Accurately determining the constitutive properties of thin films is a daunting challenge. Their mechanical behavior and characteristics — strength, ductility, grain structure, and elongation — differ significantly from those of bulk materials of the same composition.
We have looked at a microtensile test to address this challenge. The methodology, developed at NIST and implemented at Motorola, uses standard wafer fabrication processes to produce damage-free thin films with a controlled geometry (i.e., a test structure), a microloading system that applies controlled tensile loads to test structures, and a computer that automatically captures test data and images to attain accurate material data.
The method has been used, for example, to evaluate copper films to establish material properties and analytical models of low-k and copper interconnects to assess their mechanical behavior [1]. The work presented here shows our approach to studying aluminum (Al) and nickel (Ni) films [2] for characterization and selection of under-bump metallurgy and processes, ultimately obtaining material properties for mechanical modeling.
To accurately determine thin-film properties, it is essential that damage-free test-structure specimens be prepared in a controlled and reproducible manner while maintaining grain structure and geometry of real thin films that emulate IC fabrication. But it is equally important to produce a specimen that enables the properties of the film to be isolated and evaluated.
 Figure 1. Process steps used to create test structures of a given thin-film metal. |
Our process begins with a <100> silicon wafer with 0.12-0.5μm of thermal oxide (Fig. 1a). We use lithography to pattern rectangular openings and streets between individual die through the oxide to bare silicon, on each side of the wafer (Fig. 1b), creating 150 sites on a 100mm wafer. Then the metal of interest is deposited on one side of the wafer (Fig. 1c), ensuring uniform thickness and complete coverage. Lithography patterning and etching creates defined thin-film specimens aligned to the underlying oxide windows (Fig. 1d). The final step removes the silicon under each specimen site, using wet etching, leaving suspended thin-film metal "paddles" supported across an open hole etched through the silicon wafer (Fig. 1e). By doing so, the die streets are etched to allow cleaving of individual die.

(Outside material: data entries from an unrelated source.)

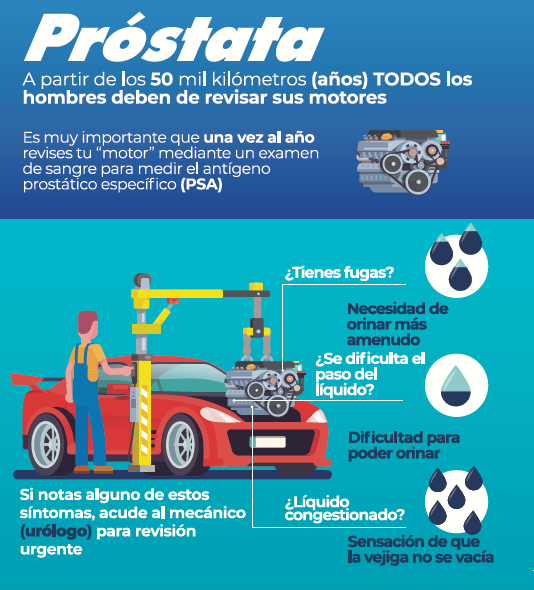 PROSTATIUX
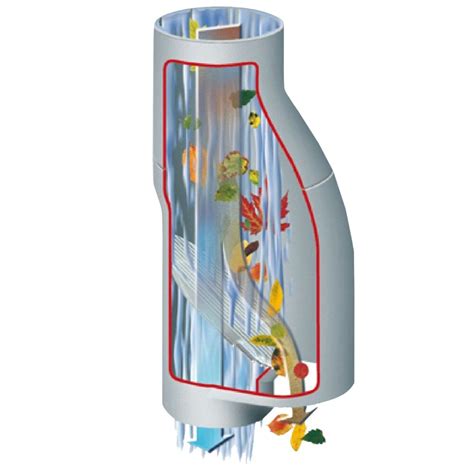 Illustratie van een doorsnede van een regenpijp met een bladvanger die bladeren tegenhoudt.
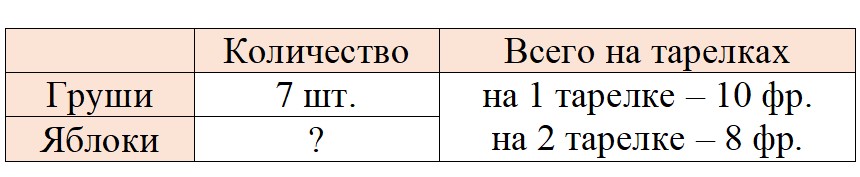 Изображение рабочая тетрадь по математике 3 класс Моро, Волкова - 1 часть страница 14 Рабочая тетрадь по математике 3 класс Моро, Волкова - 1 часть страница 14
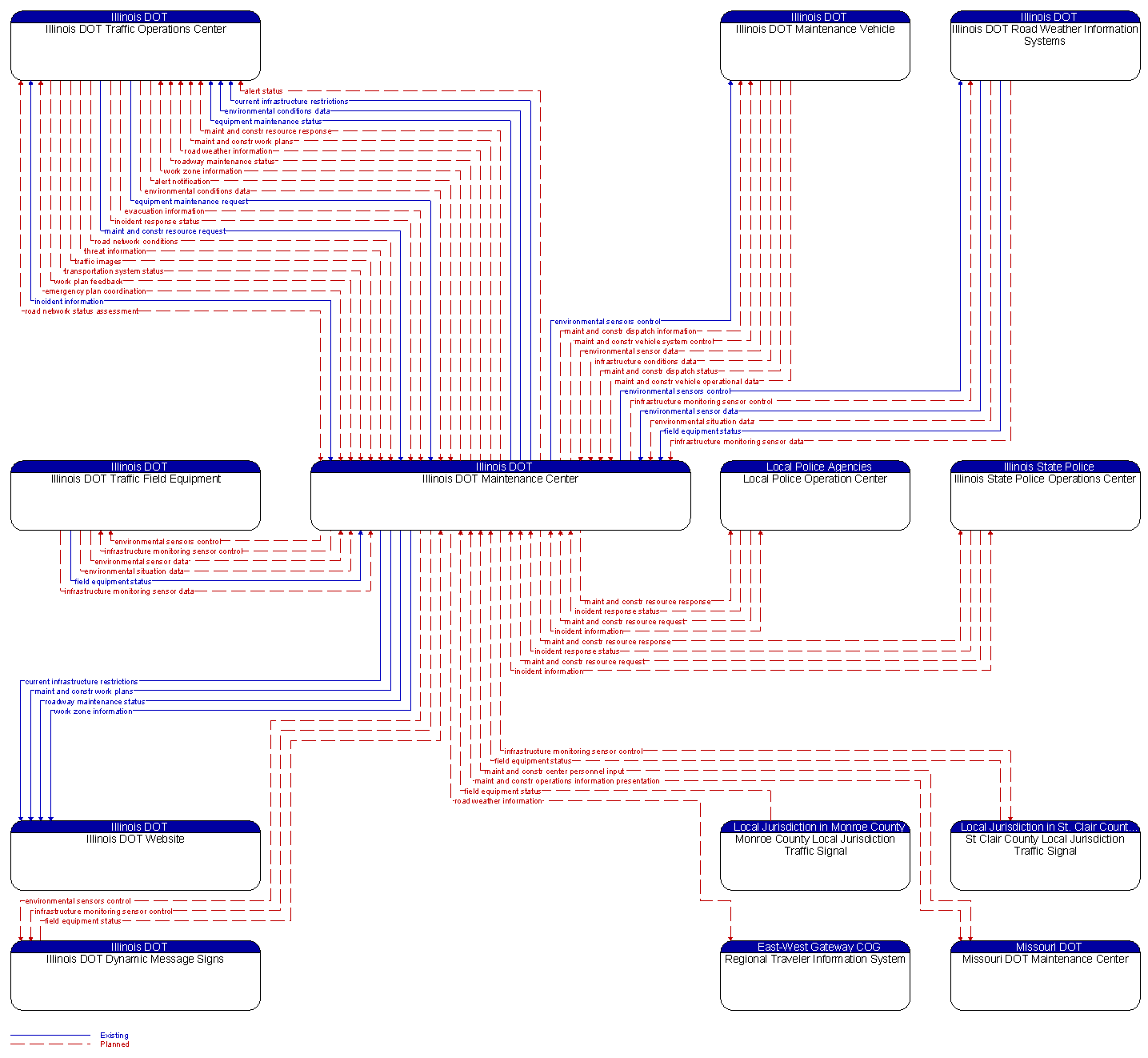 Context Diagram - Illinois DOT Maintenance Center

 Figure 2. Typical thin-film specimen test structures. |
The resulting thin-film test structures (Fig. 2) are ~2.5mm long with a gauge length (i.e., the section between the tapers of the specimen) of 600μm as defined by the mask design. Widths can range from 20-200μm. We have evaluated thicknesses, determined by film deposition, from 0.7-6μm. We measure specimen geometries prior to testing, including thickness measurements with profilometry.

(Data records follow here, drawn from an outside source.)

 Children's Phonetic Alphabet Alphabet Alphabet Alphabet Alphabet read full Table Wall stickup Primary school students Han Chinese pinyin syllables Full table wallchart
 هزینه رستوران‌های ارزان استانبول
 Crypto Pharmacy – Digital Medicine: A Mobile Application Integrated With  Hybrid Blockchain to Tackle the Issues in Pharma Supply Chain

 Figure 3. Layout of the microtensile test system. |
Test system
Our microtensile test system includes a loading subsystem and computer control and acquisition capability (Fig. 3) and applies small magnitude forces, typically a few gram-force in increments of a milligram-force or less. This enables application of controlled tensile displacements on the thin film under test and operations or other preparations on test structures without inducing premature damage or loading. These are key aspects to proper testing and handling of thin films. The main components of the test system include grips on which the sample is mounted, force and displacement sensors, and piezoelectric (PZT) stacks that act as expandable columns. All the moving components are cantilevered a small distance from the base of the device to eliminate any effects of sliding friction. The test system's capability provides a displacement range of 50μm ±20nm and a load range of 2 N ±1 nN.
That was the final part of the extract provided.